### GIVEN MATERIAL
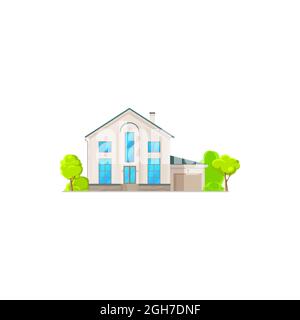 Casa americana con garage, edificio rurale a due piani facciata esterno isolato quartiere architettura cartoon elemento icona. Vector vintage home wit Illustrazione Vettoriale
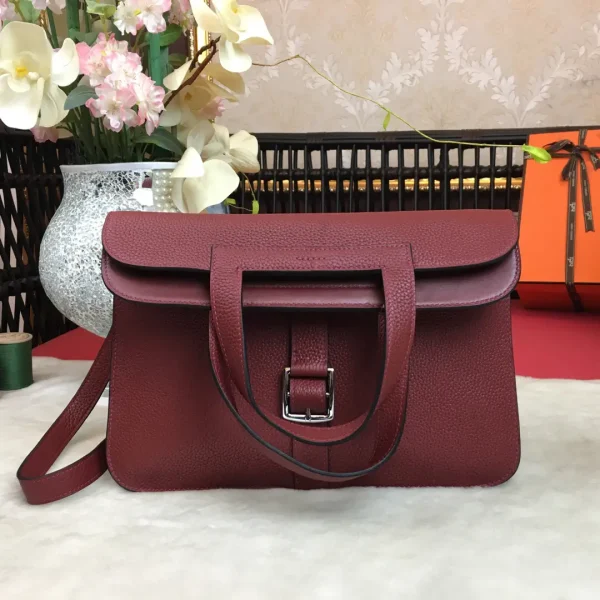 Hermès Burgundy Top Handle Bag with Shoulder Strap image 1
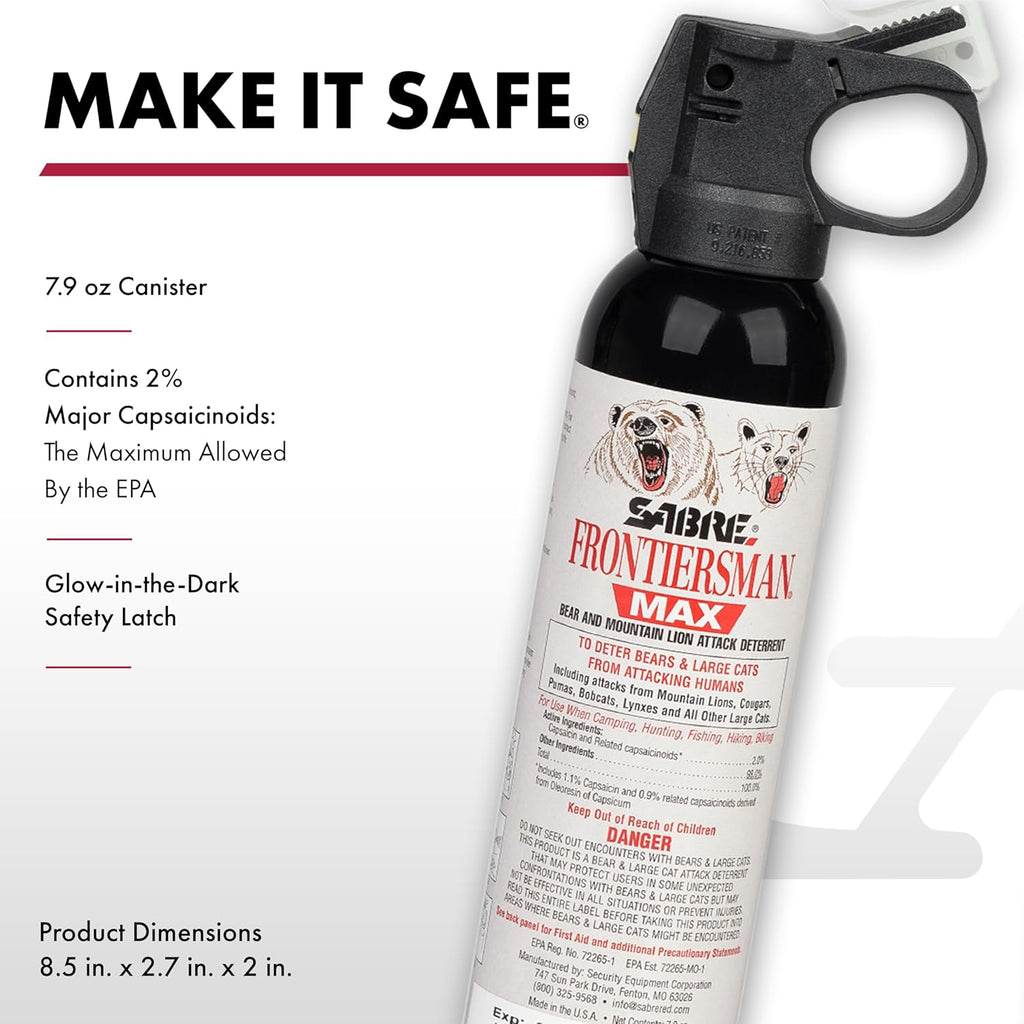 SABRE Frontiersman MAX Bear Spray - Maximum Strength, 40 ft Range, EPA-Registered, 7.9 oz | Outdoor Hiking & Camping Safety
######
§ **YOUR GOAL**: Repeat, exactly and in full, all the material above except its pictures.

§ **ANSWER FOR THIS EXERCISE**:
 Casa americana con garage, edificio rurale a due piani facciata esterno isolato quartiere architettura cartoon elemento icona. Vector vintage home wit Illustrazione Vettoriale
 Hermès Burgundy Top Handle Bag with Shoulder Strap image 1
 SABRE Frontiersman MAX Bear Spray - Maximum Strength, 40 ft Range, EPA-Registered, 7.9 oz | Outdoor Hiking & Camping Safety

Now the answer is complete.